AdaptDel: Adaptable Deletion Rate Randomized Smoothing for Certified Robustness
Zhuoqun Huang , Neil G. Marchant , Olga Ohrimenko , Benjamin I. P. Rubinstein
Published on arXiv
2511.09316
Input Manipulation Attack
OWASP ML Top 10 — ML01
Key Finding
AdaptDel achieves up to 30 orders of magnitude improvement in median certified region cardinality over state-of-the-art fixed-rate deletion smoothing methods on natural language tasks.
AdaptDel
Novel technique introduced
We consider the problem of certified robustness for sequence classification against edit distance perturbations. Naturally occurring inputs of varying lengths (e.g., sentences in natural language processing tasks) present a challenge to current methods that employ fixed-rate deletion mechanisms and lead to suboptimal performance. To this end, we introduce AdaptDel methods with adaptable deletion rates that dynamically adjust based on input properties. We extend the theoretical framework of randomized smoothing to variable-rate deletion, ensuring sound certification with respect to edit distance.

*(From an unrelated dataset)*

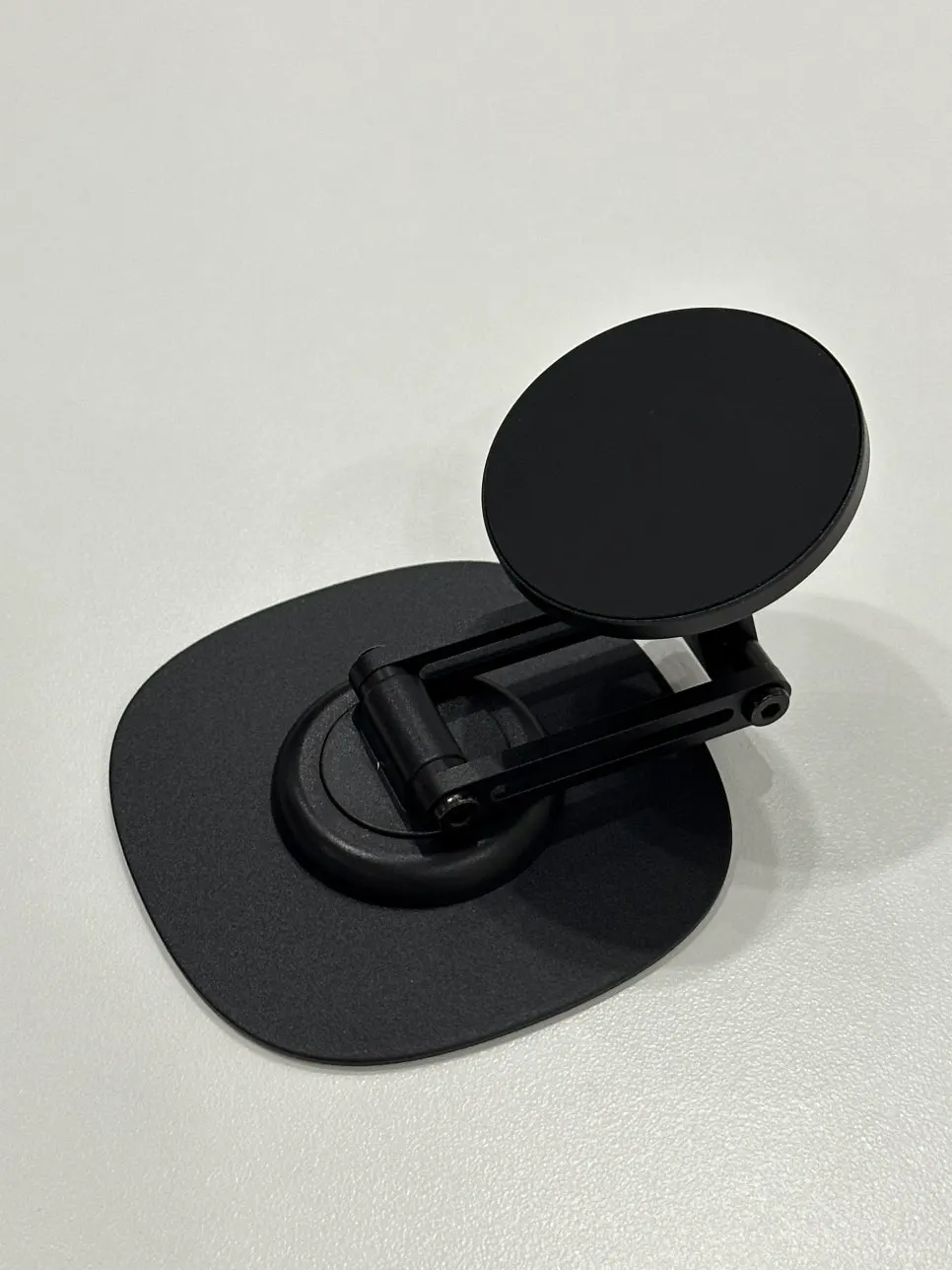 Small Vitinia stand that is easy to carry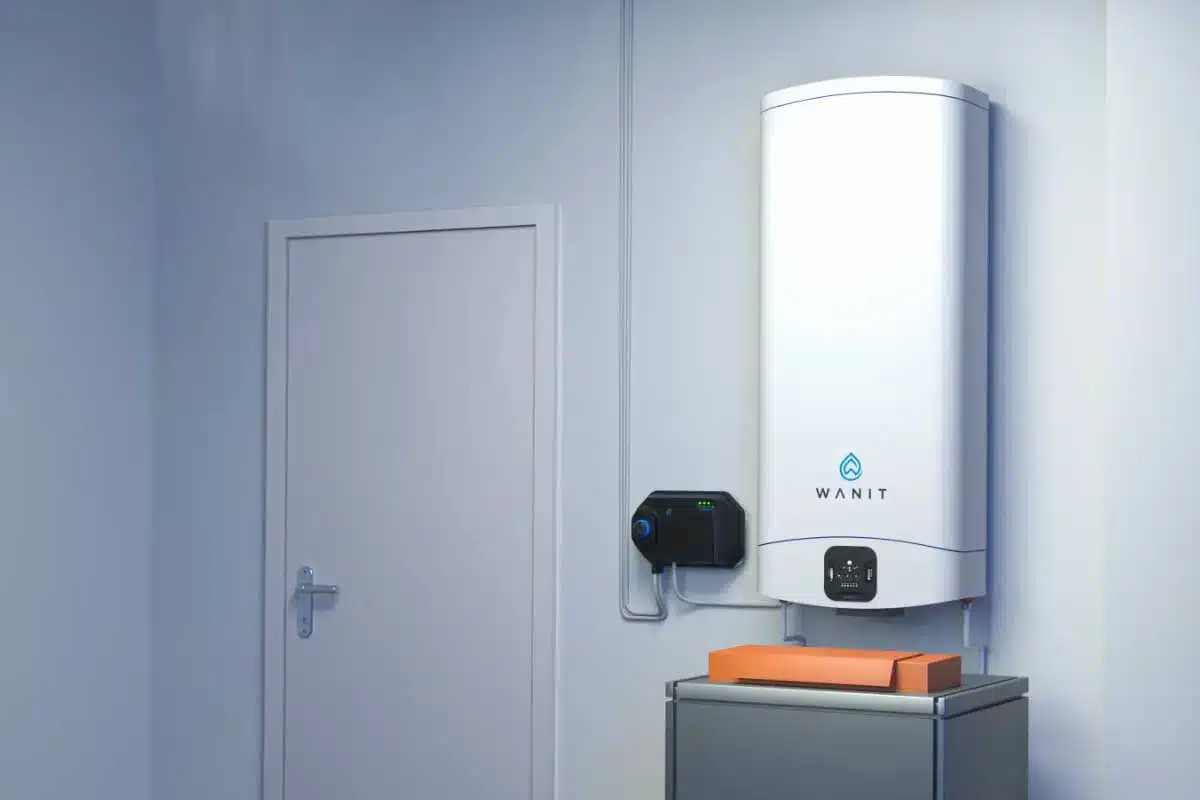 Le système TWiN de WANIT est un chauffe-eau hybride alimenté par des panneaux photovoltaïques. Crédit photo : Wanit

We achieve strong empirical results in natural language tasks, observing up to 30 orders of magnitude improvement to median cardinality of the certified region, over state-of-the-art certifications.
Key Contributions
- AdaptDel: a randomized smoothing framework with input-adaptive deletion rates for certified robustness against edit distance perturbations
- Theoretical extension of randomized smoothing to variable-rate deletion with sound edit distance certification guarantees
- Up to 30 orders of magnitude improvement in median cardinality of the certified region over state-of-the-art fixed-rate methods on NLP tasks
🛡️ Threat Analysis
The paper defends against adversarial perturbations (edit distance attacks) on text sequence inputs at inference time, providing certified robustness guarantees via randomized smoothing — a canonical ML01 defense scenario.